Alcohol consumption among adults
Alcohol use and related harm is a leading cause of death and disability worldwide, particularly in those of working age (OECD, 2015). Alcohol use is among the top ten leading risk factors in terms of years of healthy life lost in 32 OECD countries (Forouzanfar et al., 2016), and consumption in OECD countries remains well above the world average. In 2015, alcohol use lead to 2.3 million deaths, caused by cancers, heart diseases and liver diseases, among others. Most alcohol is consumed by the heaviest-using 20% of the population. Heavy alcohol intake is associated with a lower probability of employment, more absence from work, and lower productivity and wages.
On average, recorded alcohol consumption has decreased in the OECD since 2000 (Figure 4.3), from 9.5 litres per capita per year to 9 litres of pure alcohol per capita each year, equivalent to 96 bottles of wine. The extent of the decrease varies greatly by country, and consumption has in fact increased in thirteen OECD countries, as well as in China, India, Lithuania and South Africa. Consumption increased by 0.1 to 1 litre in Canada, Chile, Israel, Korea, Mexico, Norway, Slovenia, Sweden and the United States, as well as in South Africa. The increase was stronger in Belgium, Iceland, latvia and Poland, as well as China, India and Lithuania (1.1 to 5.3 litres per capita). In all other countries, alcohol consumption decreased between 2000 and 2015. The largest drops occurred in Denmark, Ireland, Italy and the Netherlands (more than 2 litres per capita).

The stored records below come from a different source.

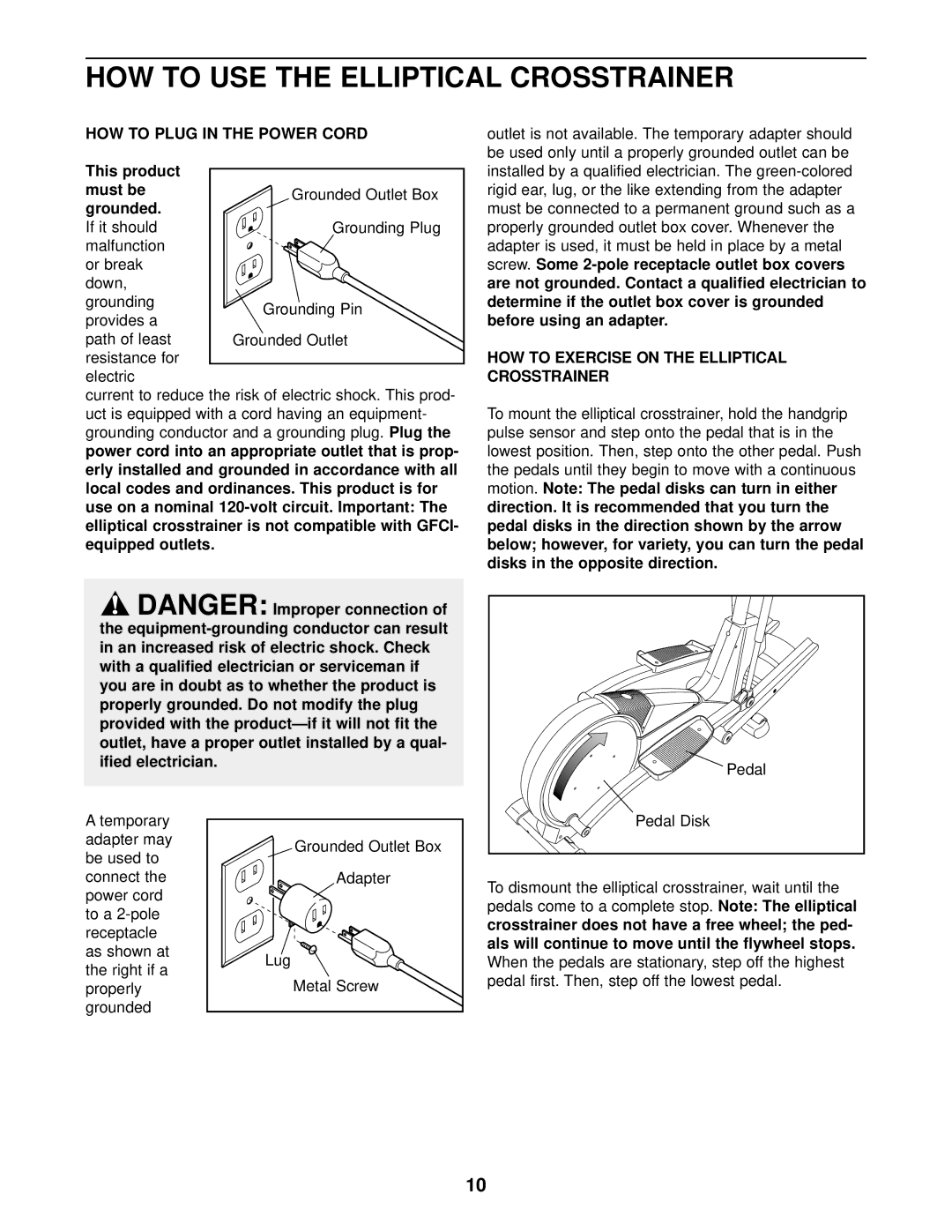 ProForm PFEL54930 user manual HOW to USE the Elliptical Crosstrainer, HOW to Plug in the Power Cord 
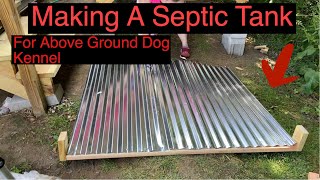How to build a septic system for Above Ground Dog Kennel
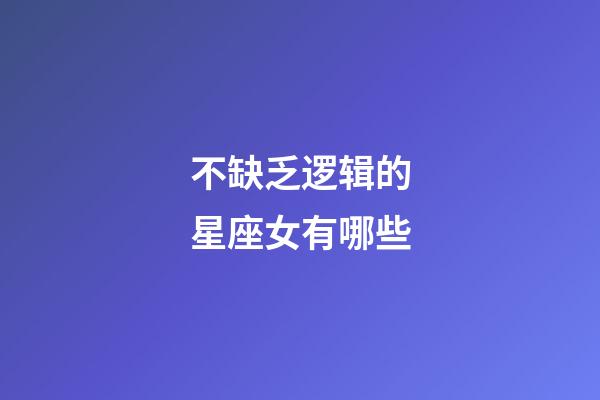 不缺乏逻辑的星座女有哪些-第1张-星座运势-玄机派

Although adult alcohol consumption per capita is a useful measure to assess long-term trends, it does not identify sub-populations at risk from harmful alcohol use patterns. Heavy alcohol intake and alcohol dependence account for an important share of the burden of diseases associated with alcohol. Across the OECD, an average of 12% of women and 30% of men take part in regular binge-alcohol use (at least once per month) (Figure 4.4). Rates range from 8% in Hungary to 37% in Denmark, and display large gender gaps, with men exhibiting higher rates in virtually all countries. These gaps are lowest in Spain and Greece (8- 10 points), and are highest in Estonia, Finland and Latvia (over 25 points).
Many policies addressing alcohol use and associated harm already exist: some target heavy alcohol users only, while others are more population based. While all OECD countries apply taxes to alcoholic beverages, the level of taxes may greatly vary across countries. New forms of fiscal policies have been implemented like minimum pricing of one unit of alcohol in Scotland. Regulations on advertising alcoholic products have been set up in many OECD countries, but the forms of media included in these regulations (e.g. printed newspapers, billboards, the internet) and the enforcement of the law vary a lot across countries. All OECD countries have legally set maximum levels of blood alcohol concentration for drivers, but the enforcement of these regulations may be haphazard and varies widely across and within countries. Less stringent policies include health promotion messages, school-based and worksite interventions and interventions in primary health care settings. Comprehensive policy packages including fiscal measures, regulations and less stringent policies are shown to be the most effective to reduce and prevent alcohol harm (OECD, 2015).